One solution certainly is a provision in a uniform ethical code that prohibits all use, or allows particular limited uses, of communications relating to settlement. But until such a code becomes a reality, what is the best practice for arbitrators to follow? As to rules that touch upon advocacy (use of documentary evidence, use of legal authorities, preparation of witnesses, questioning of witnesses, etc.) there must of course be “equality of arms,” and arbitrators would do well to cover a number of such subjects in the first procedural orders. By doing so, tribunals may avoid having to address claims of ethical infractions later on, and will often relieve counsel of a conundrum: whether to engage in the same tactics as the adversary, on the premise that they may be ethically acceptable to the tribunal, or to refrain from such tactics while claiming an ethical infraction, at the risk of giving the other side an advocacy advantage if the tribunal finds the conduct to have been ethically acceptable.
An illustration of this process may be found in the adoption by many tribunals, early in the case, of the IBA Rules of Evidence as “guidelines” for the proceedings. Rule 4.3 of the IBA Rules declares that communications by a party or its counsel with the party’s witnesses in advance of their testimony, to discuss the testimony, is not improper — and this rule is essentially an ethical rule even though it is found in “Rules of Evidence.” The general acceptability of witness contact in international arbitrations, despite its illegality in judicial proceedings in many countries, has come about substantially by virtue of the adoption into procedural orders of the IBA Evidence Rules as guidelines (if not as governing prescriptions).

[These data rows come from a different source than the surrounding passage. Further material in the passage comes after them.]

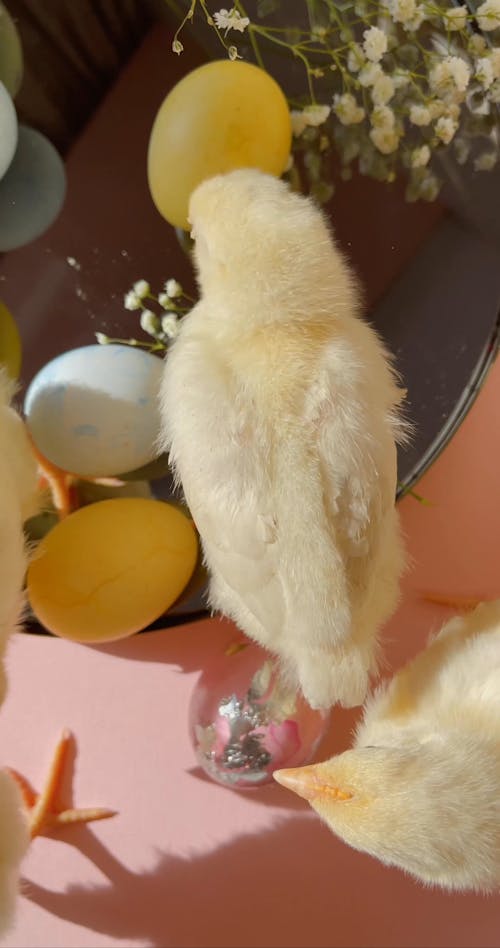Chicks And Easter Eggs Over A Glass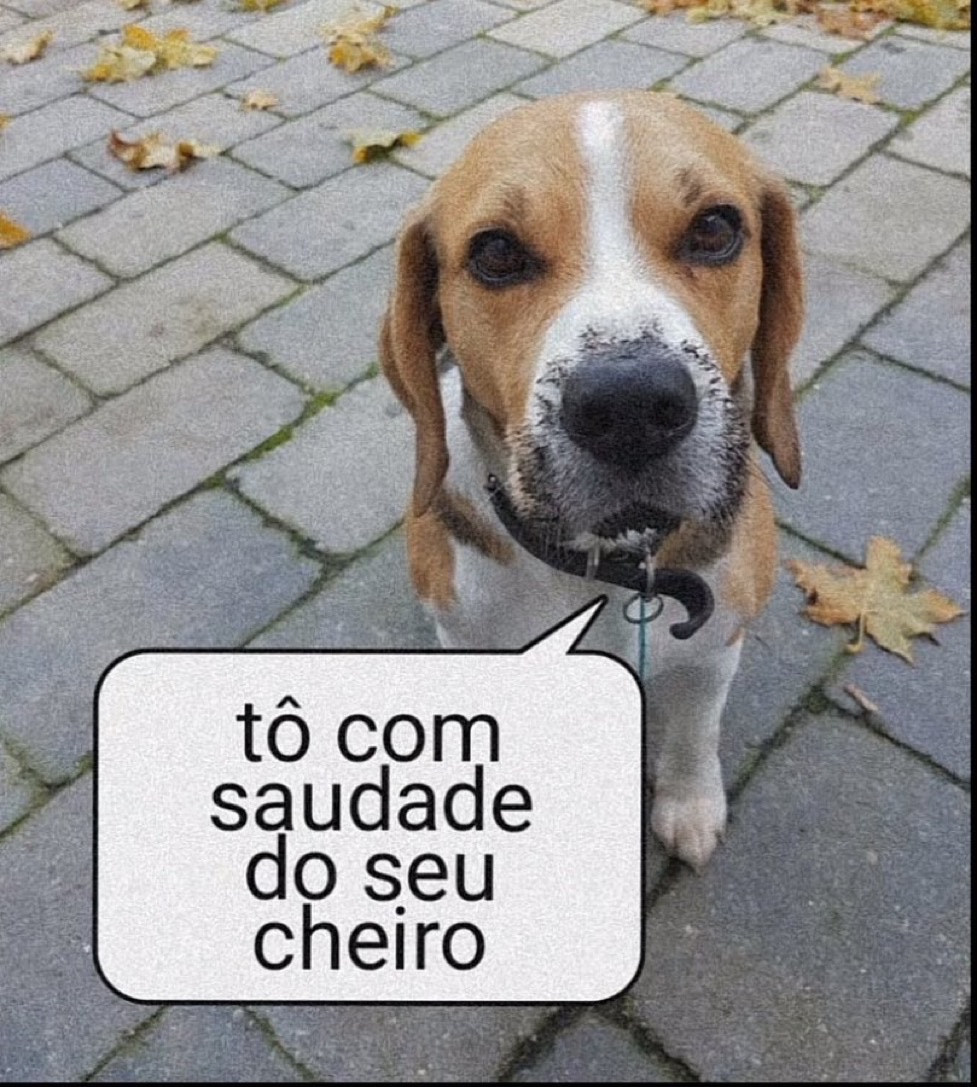 relacionemos's tweet photo. https://t.co/5EgsD6EqUc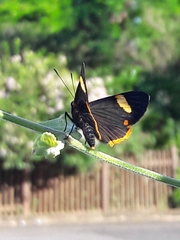Riodina lycisca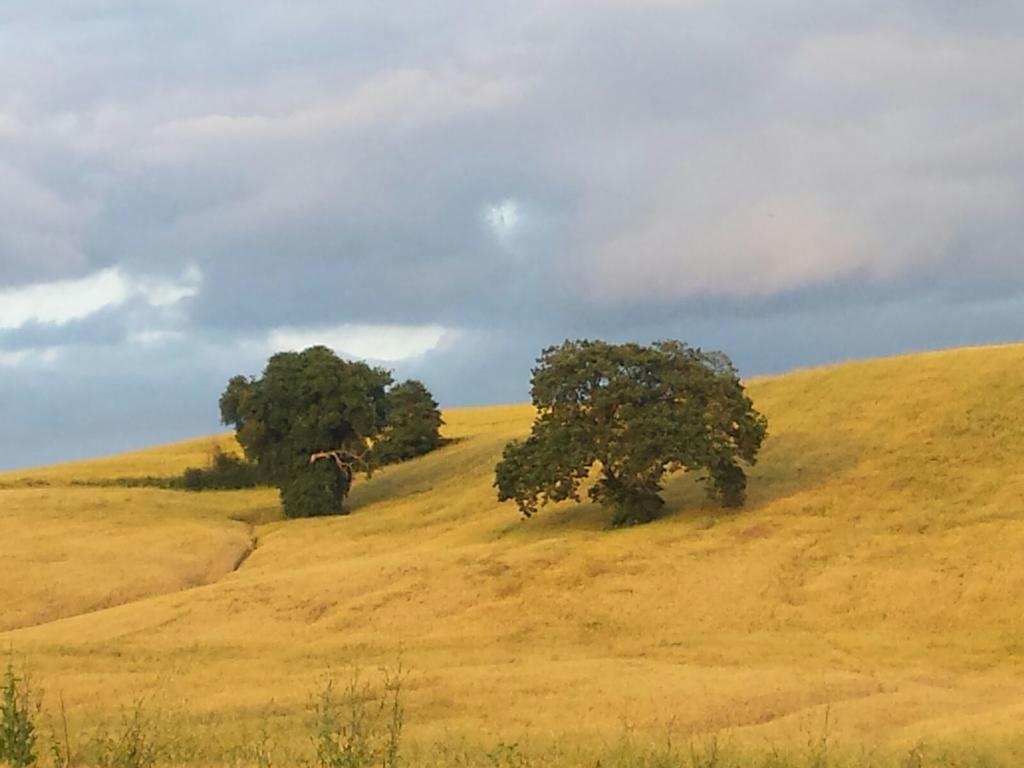 Agriturismo San Pierino Monteroni dʼArbia Eksteriør bilde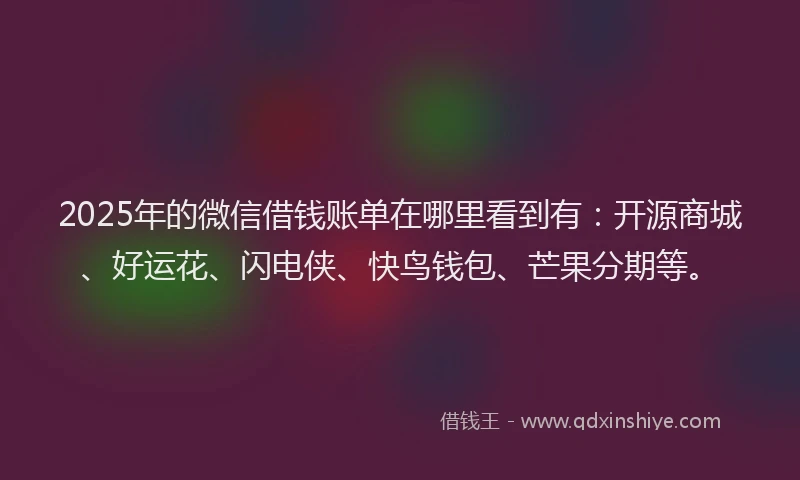 2025年的微信借钱账单在哪里看到有：开源商城、好运花、闪电侠、快鸟钱包、芒果分期等。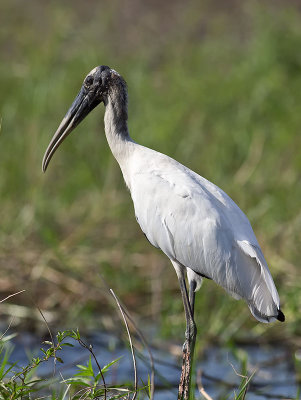 Wood Stork _3049799.jpg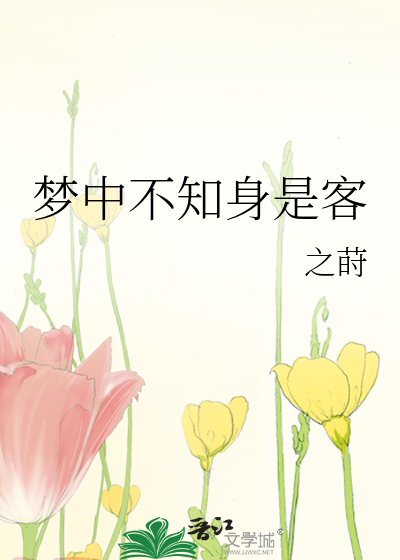梦中不知身是客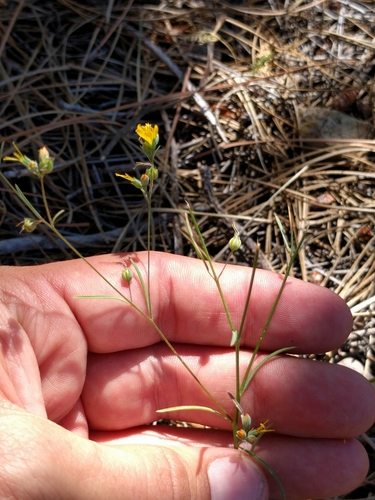 Image of Brewer's western flax by (c) Ken-ichi Ueda, some rights reserved (CC BY)
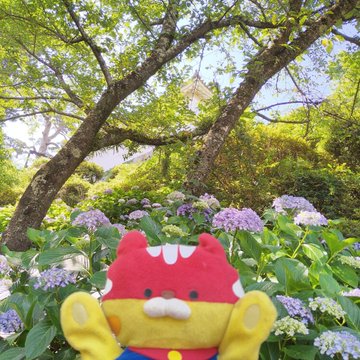 神奈川 小田原城 あじさい花菖蒲まつり22 5月28日 6月19日まで 夜間ライトアップも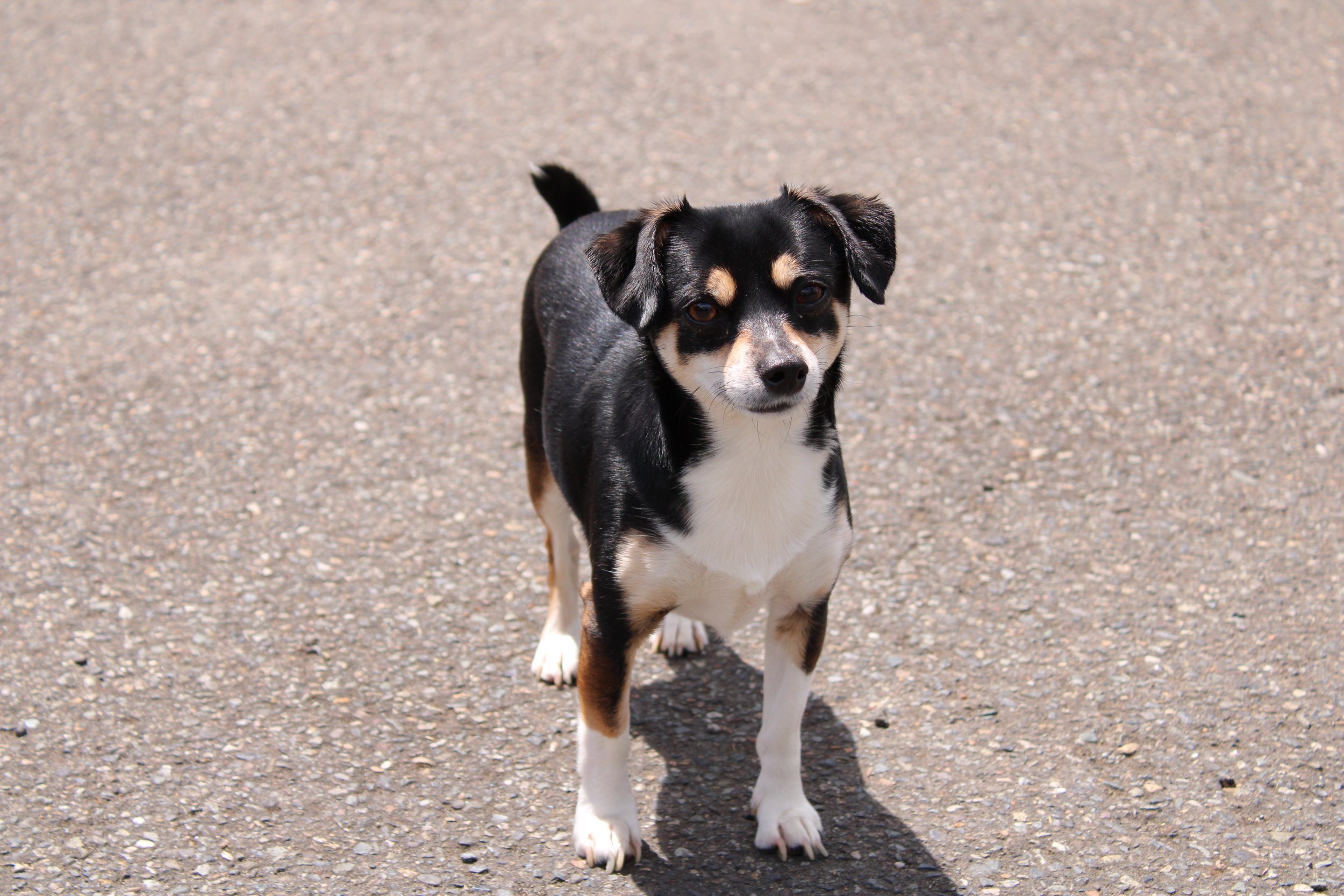 A small black, white, and tan dog standing on a gravel surface, looking towards the camera.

Much of this ground can be covered with the agreement of the parties, who are likely to be accommodating to the wishes of the tribunal on abstract principles of counsel ethics early in the case. Thus tribunals should have little difficulty securing the agreement of all counsel in most cases that: (i) communications between opposing counsel shall be confidential and not used in the proceedings except by agreement, unless the unilateral use is necessary to disclose that the adversary has acted dishonestly or in bad faith toward the tribunal; (ii) any agreements of the parties concerning the confidentiality of their communications during the proceedings shall be binding upon their counsel regarding use in the proceedings; (iii) counsel shall have an affirmative duty to direct their clients to preserve evidence that may be relevant and material to the proceedings, (iv) counsel shall have an affirmative duty to bring to the tribunal’s immediate attention any circumstances involving an attempt by counsel to influence a witness not to tell the truth, and (v) counsel shall have an affirmative duty to bring to the tribunal’s immediate attention any circumstances indicating a substantive ex parte communication between a party or its counsel and a member of the tribunal.